WebFund 2015W Lecture 12

Video

The video from the lecture given on February 23, 2015 is now available.

Notes

On-Screen Notes

Lecture 12
----------

Midterms to be returned Wednesday

Today: MongoDB and databases


Parts of a web application:
* Front End: client-side code (HTML, CSS, JavaScript)
  - runs in the browser
* Back End: server-side code
  - web server: PHP, Python, Java, *JavaScript* (node)
  - database: MySQL, Oracle, PostgresQL, MongoDB, ...

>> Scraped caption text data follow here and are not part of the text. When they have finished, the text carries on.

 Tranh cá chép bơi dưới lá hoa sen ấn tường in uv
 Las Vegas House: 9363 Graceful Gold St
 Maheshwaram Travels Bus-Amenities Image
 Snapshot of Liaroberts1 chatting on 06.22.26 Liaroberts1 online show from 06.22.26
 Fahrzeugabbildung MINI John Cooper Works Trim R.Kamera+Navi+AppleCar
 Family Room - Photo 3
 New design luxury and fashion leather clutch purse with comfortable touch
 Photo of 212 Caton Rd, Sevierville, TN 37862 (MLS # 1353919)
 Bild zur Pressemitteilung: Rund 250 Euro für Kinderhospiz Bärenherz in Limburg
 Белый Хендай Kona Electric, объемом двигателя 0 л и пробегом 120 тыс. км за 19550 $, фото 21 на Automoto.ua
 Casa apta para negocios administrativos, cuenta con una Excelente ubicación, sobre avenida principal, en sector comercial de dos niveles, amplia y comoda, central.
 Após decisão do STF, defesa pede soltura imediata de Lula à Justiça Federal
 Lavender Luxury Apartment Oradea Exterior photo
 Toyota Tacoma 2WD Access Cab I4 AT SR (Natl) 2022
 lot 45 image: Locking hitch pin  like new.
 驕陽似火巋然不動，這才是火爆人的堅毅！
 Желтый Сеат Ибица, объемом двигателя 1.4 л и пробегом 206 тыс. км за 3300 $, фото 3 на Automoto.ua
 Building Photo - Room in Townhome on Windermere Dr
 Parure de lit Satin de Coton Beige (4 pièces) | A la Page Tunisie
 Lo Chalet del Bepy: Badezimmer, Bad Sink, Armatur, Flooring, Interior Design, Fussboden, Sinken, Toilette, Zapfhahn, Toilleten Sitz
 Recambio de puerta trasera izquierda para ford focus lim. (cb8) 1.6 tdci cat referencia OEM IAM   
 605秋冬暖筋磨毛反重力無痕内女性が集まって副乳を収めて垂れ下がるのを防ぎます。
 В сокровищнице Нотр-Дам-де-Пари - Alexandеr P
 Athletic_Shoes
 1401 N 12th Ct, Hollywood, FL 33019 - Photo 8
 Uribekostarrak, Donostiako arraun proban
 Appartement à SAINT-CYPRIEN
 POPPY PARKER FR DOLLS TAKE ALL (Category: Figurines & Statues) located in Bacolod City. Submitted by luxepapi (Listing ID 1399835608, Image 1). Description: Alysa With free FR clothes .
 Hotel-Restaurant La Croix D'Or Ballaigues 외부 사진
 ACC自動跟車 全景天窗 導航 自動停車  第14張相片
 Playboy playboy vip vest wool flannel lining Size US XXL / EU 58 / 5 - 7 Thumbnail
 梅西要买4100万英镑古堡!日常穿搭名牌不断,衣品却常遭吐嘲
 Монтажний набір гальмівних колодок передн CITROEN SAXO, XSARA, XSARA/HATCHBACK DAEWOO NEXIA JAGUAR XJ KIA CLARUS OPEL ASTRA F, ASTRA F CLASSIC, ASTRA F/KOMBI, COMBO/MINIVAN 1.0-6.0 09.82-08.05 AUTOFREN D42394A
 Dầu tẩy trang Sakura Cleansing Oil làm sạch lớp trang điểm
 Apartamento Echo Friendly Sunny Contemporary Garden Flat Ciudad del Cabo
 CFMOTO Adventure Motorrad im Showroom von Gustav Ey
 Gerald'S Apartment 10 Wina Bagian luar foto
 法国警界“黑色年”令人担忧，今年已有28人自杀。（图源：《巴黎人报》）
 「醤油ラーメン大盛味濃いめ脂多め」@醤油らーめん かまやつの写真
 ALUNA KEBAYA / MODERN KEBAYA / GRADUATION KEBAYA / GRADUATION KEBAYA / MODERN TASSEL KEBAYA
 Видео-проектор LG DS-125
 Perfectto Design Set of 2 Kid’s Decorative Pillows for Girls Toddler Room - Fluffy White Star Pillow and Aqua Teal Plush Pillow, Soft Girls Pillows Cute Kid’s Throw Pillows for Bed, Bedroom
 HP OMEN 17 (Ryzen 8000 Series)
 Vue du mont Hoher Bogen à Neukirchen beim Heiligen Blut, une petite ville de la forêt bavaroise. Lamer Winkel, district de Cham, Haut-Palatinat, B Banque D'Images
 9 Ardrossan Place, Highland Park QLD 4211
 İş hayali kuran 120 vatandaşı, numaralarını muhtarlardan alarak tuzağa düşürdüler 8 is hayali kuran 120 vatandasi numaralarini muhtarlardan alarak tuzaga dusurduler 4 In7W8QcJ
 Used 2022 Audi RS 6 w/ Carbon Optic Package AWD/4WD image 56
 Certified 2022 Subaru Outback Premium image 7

Early web servers just used a filesystem
 - good for static content
 - bad for concurrent access


Why concurrency?
 - many different web clients trying to modify the "same" resources
 - e.g., passwords stored in a file
 - *really* bad when using multiple web servers

Databases are good at
 - fine-grained data concurrency
 - not as easy to "scale" (cause concurrency is hard)
 - that's SOMEBODY ELSE's PROBLEM

Why not just have web clients talk to the database?
 (cut out the middle man)
 - security: don't want all clients to access ALL data
    - databases do have access control but generally not suitable for most web applications
    - also, data validation
 - scalability
    - databases are relatively slow
    - often stick a caching layer in front/separate out static content


Types of databases
------------------
SQL versus NoSQL databases

Actually, many kinds of NoSQL databases

Difference is *transactions*


SQL => relational databases

Data is divided into tables

tables have columns (fields) and rows (records)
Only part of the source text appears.